**WHAT NEEDS TO BE DONE:** Going down the listing below, print exactly each line from the one with "NIMMY Samsung Galaxy" up to and including the one with "1 Photograph of", and skip the rest.

**RECORDS FOR THIS EXERCISE:**
______________________________
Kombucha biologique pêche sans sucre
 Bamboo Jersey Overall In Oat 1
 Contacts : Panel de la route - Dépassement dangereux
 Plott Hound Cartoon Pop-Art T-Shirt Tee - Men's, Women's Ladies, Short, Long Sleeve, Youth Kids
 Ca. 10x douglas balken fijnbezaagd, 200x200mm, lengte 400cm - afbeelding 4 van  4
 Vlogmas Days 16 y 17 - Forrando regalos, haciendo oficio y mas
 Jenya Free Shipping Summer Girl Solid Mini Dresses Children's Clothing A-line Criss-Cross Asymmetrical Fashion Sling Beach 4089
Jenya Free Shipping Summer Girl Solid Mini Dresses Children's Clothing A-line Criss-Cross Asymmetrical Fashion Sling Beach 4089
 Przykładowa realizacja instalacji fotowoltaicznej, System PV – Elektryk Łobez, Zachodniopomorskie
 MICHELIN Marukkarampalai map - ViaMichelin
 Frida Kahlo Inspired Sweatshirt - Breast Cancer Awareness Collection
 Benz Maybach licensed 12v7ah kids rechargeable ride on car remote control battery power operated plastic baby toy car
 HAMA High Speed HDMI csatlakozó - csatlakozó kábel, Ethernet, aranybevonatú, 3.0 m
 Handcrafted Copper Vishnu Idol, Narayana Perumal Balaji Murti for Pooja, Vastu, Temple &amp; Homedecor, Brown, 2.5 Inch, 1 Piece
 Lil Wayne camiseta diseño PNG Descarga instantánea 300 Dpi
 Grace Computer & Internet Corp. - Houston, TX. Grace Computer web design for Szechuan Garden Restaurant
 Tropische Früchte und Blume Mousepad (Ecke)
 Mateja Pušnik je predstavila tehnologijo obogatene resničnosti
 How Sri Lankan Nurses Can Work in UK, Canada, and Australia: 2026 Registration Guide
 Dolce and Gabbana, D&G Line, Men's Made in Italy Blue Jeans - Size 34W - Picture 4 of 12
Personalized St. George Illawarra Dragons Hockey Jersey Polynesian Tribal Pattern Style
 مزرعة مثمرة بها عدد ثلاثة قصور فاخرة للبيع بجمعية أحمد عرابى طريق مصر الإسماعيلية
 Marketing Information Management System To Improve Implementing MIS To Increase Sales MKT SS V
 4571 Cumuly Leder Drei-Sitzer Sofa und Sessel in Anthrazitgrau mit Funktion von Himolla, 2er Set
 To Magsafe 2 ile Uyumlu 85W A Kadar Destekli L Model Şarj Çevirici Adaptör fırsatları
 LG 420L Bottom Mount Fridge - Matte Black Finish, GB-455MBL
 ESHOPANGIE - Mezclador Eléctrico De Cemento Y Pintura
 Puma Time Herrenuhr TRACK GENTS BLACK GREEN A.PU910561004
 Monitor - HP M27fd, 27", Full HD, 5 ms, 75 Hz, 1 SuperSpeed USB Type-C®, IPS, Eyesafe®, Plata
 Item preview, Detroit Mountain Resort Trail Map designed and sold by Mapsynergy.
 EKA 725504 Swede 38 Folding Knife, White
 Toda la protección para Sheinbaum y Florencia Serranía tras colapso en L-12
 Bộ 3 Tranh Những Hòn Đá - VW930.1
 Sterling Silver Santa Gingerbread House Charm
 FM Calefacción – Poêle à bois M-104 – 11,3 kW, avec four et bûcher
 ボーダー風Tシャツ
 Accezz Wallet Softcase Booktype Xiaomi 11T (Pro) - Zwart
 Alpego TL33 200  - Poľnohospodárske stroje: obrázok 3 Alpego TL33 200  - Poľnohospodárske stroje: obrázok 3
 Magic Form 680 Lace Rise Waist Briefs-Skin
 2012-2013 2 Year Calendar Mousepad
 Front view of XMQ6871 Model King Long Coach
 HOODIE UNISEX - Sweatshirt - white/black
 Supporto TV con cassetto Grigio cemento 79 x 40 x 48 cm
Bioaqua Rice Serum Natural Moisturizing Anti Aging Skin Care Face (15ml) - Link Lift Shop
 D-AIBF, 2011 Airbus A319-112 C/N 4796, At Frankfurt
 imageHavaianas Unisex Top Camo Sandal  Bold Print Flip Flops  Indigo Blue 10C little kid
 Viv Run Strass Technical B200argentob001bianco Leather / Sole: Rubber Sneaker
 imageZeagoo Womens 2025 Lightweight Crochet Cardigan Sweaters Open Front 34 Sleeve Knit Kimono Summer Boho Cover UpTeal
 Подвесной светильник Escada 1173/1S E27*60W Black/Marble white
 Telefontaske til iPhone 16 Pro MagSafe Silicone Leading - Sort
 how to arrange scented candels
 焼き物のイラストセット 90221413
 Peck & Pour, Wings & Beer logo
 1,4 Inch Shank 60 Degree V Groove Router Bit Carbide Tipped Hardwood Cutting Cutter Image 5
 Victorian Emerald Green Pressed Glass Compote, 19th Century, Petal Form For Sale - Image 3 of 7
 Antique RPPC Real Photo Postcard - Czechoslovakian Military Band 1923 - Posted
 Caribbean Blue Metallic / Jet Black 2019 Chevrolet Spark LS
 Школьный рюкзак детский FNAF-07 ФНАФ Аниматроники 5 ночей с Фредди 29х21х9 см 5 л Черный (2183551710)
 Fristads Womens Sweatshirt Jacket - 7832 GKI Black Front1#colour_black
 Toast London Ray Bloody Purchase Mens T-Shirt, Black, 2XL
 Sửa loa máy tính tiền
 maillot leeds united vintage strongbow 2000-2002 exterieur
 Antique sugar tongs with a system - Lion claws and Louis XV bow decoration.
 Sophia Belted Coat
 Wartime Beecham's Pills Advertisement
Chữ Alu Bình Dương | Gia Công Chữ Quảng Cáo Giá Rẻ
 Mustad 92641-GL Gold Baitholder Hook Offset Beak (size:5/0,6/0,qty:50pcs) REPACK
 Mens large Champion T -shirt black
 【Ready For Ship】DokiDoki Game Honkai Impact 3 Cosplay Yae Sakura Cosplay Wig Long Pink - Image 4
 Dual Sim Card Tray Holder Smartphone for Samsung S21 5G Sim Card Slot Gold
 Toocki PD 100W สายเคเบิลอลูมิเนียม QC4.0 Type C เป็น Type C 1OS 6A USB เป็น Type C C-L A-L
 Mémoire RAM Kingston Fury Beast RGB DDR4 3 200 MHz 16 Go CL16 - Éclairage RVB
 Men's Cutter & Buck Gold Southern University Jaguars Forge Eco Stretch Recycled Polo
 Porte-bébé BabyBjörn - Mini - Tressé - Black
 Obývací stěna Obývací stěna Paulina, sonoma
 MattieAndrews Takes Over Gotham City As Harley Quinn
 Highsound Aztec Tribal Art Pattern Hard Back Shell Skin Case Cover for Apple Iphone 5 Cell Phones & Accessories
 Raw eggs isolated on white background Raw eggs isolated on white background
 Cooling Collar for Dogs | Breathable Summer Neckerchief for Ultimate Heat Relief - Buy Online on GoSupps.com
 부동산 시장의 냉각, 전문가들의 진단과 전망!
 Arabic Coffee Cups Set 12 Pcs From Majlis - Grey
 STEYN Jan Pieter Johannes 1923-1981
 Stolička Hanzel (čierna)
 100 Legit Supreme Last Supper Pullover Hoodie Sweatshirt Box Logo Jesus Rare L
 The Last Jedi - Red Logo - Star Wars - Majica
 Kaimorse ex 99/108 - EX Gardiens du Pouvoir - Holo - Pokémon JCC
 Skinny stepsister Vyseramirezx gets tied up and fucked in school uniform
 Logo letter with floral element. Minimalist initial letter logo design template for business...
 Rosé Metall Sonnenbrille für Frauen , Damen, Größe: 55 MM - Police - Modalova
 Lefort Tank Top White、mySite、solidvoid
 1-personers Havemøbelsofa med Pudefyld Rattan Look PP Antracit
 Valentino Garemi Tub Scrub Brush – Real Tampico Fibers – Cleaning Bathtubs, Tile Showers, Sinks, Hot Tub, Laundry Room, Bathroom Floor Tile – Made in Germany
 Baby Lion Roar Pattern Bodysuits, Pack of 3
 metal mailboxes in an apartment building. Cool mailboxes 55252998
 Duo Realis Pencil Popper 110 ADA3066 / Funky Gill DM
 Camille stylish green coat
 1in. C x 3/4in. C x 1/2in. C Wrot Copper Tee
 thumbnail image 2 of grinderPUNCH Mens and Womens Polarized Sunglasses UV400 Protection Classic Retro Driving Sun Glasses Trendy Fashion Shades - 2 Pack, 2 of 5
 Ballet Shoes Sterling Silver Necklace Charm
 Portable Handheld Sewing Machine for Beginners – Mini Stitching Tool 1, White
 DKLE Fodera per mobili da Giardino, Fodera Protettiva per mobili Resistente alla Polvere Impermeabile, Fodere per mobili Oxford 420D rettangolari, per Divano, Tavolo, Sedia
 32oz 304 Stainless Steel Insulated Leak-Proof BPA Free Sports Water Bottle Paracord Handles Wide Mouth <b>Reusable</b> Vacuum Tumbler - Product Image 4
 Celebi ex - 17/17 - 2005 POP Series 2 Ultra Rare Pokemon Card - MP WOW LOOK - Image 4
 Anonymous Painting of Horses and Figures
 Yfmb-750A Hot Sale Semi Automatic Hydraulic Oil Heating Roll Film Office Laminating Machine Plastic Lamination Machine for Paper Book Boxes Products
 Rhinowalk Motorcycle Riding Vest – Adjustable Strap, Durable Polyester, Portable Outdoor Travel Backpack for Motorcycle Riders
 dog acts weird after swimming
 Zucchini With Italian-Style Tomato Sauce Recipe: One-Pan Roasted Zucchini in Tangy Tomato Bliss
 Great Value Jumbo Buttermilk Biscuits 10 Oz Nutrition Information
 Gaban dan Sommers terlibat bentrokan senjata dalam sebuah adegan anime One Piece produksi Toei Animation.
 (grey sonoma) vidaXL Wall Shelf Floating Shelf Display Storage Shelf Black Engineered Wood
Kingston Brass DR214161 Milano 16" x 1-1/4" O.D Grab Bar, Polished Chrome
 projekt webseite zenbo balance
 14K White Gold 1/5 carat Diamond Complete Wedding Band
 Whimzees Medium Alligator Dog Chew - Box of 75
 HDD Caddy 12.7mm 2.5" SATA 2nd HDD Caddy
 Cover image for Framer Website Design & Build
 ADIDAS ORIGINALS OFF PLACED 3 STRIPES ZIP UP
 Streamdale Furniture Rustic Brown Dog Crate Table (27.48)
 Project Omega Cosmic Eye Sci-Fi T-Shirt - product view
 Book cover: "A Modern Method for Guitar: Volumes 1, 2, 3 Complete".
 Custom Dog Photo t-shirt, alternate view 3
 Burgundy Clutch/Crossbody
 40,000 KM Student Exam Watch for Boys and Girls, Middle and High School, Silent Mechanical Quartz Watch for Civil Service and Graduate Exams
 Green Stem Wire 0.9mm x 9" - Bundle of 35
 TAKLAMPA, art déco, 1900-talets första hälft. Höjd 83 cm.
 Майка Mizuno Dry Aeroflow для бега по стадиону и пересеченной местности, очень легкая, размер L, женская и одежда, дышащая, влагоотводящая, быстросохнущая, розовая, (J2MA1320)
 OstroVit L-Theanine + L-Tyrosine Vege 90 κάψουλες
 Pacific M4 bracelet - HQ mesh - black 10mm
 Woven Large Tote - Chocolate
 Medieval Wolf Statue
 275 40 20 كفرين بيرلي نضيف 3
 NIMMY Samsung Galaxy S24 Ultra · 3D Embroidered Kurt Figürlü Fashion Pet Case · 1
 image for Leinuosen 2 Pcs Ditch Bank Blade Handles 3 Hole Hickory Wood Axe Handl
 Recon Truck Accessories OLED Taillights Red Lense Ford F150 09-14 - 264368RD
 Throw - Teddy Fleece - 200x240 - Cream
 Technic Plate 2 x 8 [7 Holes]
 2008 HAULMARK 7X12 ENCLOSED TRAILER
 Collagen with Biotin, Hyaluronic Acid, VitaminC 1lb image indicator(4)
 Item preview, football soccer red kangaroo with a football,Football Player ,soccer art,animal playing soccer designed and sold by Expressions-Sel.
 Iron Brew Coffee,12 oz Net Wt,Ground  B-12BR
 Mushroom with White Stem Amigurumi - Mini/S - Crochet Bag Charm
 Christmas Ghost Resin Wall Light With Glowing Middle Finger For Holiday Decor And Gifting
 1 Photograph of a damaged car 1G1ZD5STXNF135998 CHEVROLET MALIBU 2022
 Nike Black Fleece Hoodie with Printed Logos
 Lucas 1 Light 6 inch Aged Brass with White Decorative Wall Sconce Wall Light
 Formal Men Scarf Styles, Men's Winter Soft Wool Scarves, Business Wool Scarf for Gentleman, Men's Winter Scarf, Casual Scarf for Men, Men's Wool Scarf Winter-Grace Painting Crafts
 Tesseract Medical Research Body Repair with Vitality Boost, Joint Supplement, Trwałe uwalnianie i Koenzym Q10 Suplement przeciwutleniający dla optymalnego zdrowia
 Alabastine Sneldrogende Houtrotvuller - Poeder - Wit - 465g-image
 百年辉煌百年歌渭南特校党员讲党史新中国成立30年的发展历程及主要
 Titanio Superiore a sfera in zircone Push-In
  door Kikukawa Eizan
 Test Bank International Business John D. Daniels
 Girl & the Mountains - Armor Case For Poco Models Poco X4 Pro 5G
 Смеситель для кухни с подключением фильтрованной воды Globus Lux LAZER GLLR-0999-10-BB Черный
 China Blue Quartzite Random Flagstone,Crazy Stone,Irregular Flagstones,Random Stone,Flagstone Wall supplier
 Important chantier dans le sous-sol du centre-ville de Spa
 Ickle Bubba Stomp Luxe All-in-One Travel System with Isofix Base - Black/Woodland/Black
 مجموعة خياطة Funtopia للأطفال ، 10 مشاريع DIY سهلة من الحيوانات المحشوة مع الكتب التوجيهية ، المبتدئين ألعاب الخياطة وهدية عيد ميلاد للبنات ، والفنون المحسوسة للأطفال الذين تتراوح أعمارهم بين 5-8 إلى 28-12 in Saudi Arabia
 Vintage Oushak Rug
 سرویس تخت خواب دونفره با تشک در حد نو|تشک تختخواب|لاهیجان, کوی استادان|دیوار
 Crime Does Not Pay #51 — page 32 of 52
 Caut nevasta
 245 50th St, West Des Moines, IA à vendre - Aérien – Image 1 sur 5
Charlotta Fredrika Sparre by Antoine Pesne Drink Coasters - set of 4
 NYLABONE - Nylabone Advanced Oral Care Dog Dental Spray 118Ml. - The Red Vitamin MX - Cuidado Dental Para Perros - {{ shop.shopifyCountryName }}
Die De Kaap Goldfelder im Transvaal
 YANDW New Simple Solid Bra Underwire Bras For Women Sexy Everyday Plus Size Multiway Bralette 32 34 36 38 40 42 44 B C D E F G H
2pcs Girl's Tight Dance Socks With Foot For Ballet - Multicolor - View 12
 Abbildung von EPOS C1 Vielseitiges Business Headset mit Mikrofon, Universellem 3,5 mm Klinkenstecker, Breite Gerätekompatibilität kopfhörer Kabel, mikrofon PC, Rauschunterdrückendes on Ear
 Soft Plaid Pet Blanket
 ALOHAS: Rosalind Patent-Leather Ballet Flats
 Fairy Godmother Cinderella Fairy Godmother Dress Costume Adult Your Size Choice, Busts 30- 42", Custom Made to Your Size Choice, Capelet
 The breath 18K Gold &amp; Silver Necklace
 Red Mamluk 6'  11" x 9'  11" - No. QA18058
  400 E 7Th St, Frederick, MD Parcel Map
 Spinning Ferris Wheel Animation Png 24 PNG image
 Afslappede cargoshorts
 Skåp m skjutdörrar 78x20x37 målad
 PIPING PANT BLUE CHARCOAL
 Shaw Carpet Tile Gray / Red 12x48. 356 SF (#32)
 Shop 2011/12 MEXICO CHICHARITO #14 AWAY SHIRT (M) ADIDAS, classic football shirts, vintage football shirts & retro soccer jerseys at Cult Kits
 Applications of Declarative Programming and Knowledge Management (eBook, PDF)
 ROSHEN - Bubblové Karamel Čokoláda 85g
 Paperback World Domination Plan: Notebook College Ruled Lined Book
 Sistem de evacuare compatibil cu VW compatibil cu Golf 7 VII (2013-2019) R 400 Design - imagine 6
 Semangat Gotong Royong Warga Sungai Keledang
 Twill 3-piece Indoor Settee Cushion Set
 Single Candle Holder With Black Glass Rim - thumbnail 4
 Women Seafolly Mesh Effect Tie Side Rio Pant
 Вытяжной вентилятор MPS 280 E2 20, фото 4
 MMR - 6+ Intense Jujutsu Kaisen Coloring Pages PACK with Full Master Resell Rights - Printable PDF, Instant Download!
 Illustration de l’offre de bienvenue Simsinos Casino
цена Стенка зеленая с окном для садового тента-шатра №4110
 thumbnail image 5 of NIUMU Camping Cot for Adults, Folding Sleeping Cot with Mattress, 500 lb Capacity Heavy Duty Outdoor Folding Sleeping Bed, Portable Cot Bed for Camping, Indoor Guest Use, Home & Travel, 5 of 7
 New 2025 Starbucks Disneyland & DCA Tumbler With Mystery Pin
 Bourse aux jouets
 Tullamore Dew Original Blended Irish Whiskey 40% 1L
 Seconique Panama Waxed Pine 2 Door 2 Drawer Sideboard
______________________________
**ANSWER BELOW:**
 NIMMY Samsung Galaxy S24 Ultra · 3D Embroidered Kurt Figürlü Fashion Pet Case · 1
 image for Leinuosen 2 Pcs Ditch Bank Blade Handles 3 Hole Hickory Wood Axe Handl
 Recon Truck Accessories OLED Taillights Red Lense Ford F150 09-14 - 264368RD
 Throw - Teddy Fleece - 200x240 - Cream
 Technic Plate 2 x 8 [7 Holes]
 2008 HAULMARK 7X12 ENCLOSED TRAILER
 Collagen with Biotin, Hyaluronic Acid, VitaminC 1lb image indicator(4)
 Item preview, football soccer red kangaroo with a football,Football Player ,soccer art,animal playing soccer designed and sold by Expressions-Sel.
 Iron Brew Coffee,12 oz Net Wt,Ground  B-12BR
 Mushroom with White Stem Amigurumi - Mini/S - Crochet Bag Charm
 Christmas Ghost Resin Wall Light With Glowing Middle Finger For Holiday Decor And Gifting
 1 Photograph of a damaged car 1G1ZD5STXNF135998 CHEVROLET MALIBU 2022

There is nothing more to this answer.